Şehirde oturup gerizekalı olan varsa ayıp.

“Arılar kadar olamadınız” demek bize düşer.

Sebebi mi?

İşte haber;

“Şehirlerde yaşayan arıların kırsal kesimlerde yaşayan arılara göre daha zeki olduğu meydana çıktı…”

.

Arıların ve diğer böceklerin, minyatür beyinleri nedeniyle uzun süredir en temel öğrenme türlerine sahip olduklarının düşünüldüğü ancak son araştırmalar arıların, araçların kullanımını ve sosyal öğrenmeyi içeren düşünme becerilerine sahip olduklarını göstermiş.
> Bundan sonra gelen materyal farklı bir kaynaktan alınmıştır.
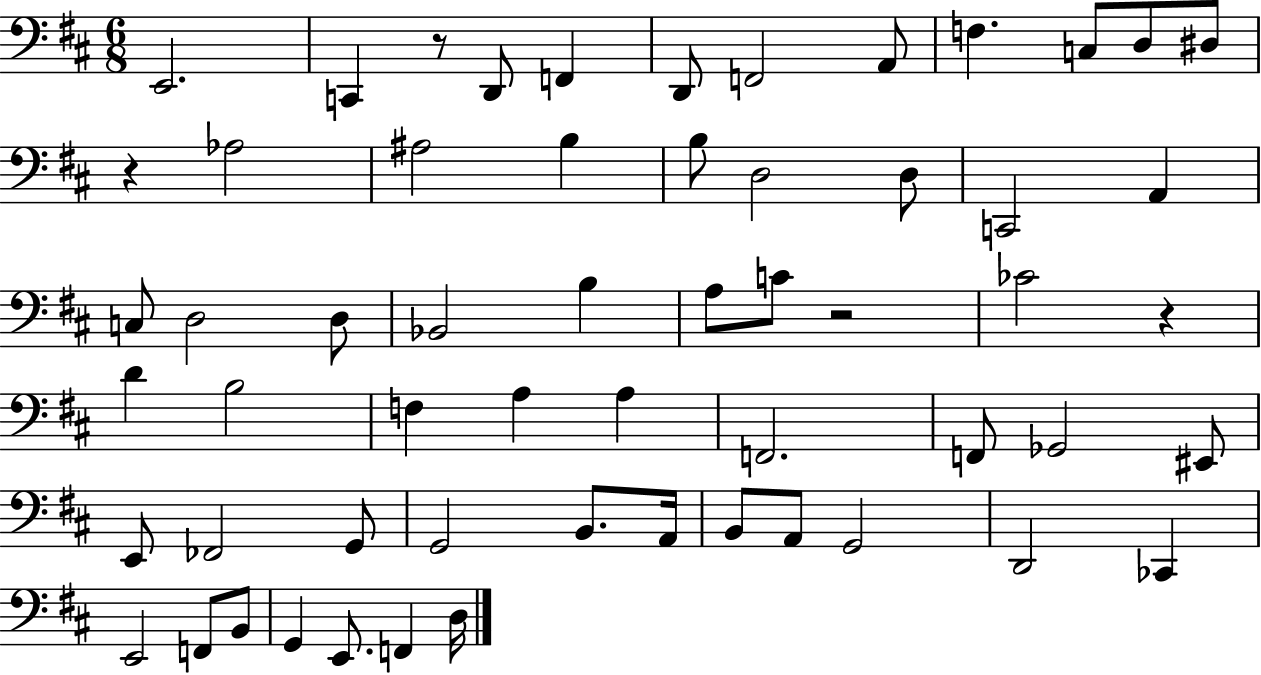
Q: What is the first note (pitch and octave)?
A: E2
Ayrıca vücut boyutlarına göre daha büyük beyinlere sahip türlerin zihinsel kapasitelerinin arttığına dair kanıtlar bulunduğuna da dikkat çekildi.

.

Şimdi.

Şehirde yaşarken yolunuzun kesiştiği bir arıyı öldürmeyin.
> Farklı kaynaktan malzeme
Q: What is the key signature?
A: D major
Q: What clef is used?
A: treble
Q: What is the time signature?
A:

Zira hem sosyal, hem zihinsel yönden sizden üstün olabilir…

 

AYI RÜSTEM

Akşam haberlerde seyrediyoruz.

İnsanlar kısa sürede köşeyi dönüyorlar.

Daha önceki perişan halleri yayınlanan kişiler, magazin programlarında saçlarına para takmış şekilde gösteriliyor.

.

Nasıl oluyor, nasıl yapıyorlar anladımsa Arap olayım.

.

Bizim kahveye gelen Piç Kadri var.

İşi gücü üçkağıtçılık, dalavere.

Birkaç defa kodese girmişliği var.

Bizim mahallenin çocuğu ama.

.

Küçük yaşta babasını kaybedince annesi kahvecilik yapan dayısının yanına vermiş çalışsın diye.

Ele avuca sığmayan Kadri, sürekli kahveden kaçıp top oynamaya gittikçe dayısından yemiş sopayı.

“Sopa yiye yiye beynim buruştu” diyor.

Sonrasında sürekli dayısının kahvesine gelen o devrin en büyük üçkağıtçısı Fırlama Ferit ile tanışmış.

Ferit bunu yanına çırak almış.

Bütün bildiklerini öğretmiş bu Kadri’ye.

“Mahallende çalışmayacaksın. Onlar bizim ailemiz” diye tembih etmiş ve “Üçkağıtçılığın kırmızı çizgisi budur” demiş kendisine.

.

O günden bu yana bizim mahalle haricinde ava çıkan Piç Kadri, başlamış dışarılarda ördek avlamaya.

Bulduğu sazanları yolmaya.

.

Ona sordum bu foncuları.

“Nasıl yapıyorlar?” diye.

Kolay ağabey, “Sazan sarmalı metodu ile yolmuşlar milleti” dedi.

“Nasıl oluyor hele bir anlat” diye sordum.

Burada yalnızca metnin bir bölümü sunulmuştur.